:: Description of the task ::
Could you retype exactly the lines below between the one holding "薺菜種子 野菜種子 薺薺菜 蔬菜種子" and the one holding "Seamless wallpaper pattern.", inclusive, leaving out any pictures?

:: Data for the task ::
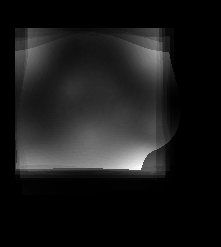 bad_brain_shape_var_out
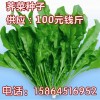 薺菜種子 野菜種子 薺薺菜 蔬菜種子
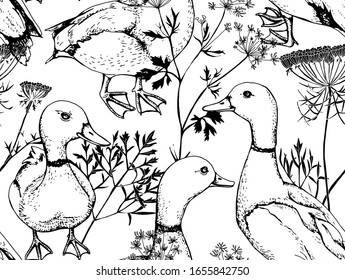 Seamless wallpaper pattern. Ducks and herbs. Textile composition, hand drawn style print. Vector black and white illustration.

* * *

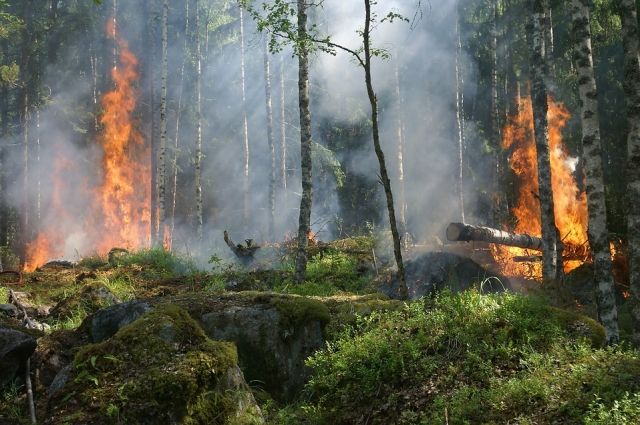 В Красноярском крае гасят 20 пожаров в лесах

:: Your response ::
 薺菜種子 野菜種子 薺薺菜 蔬菜種子
 Seamless wallpaper pattern. Ducks and herbs. Textile composition, hand drawn style print. Vector black and white illustration.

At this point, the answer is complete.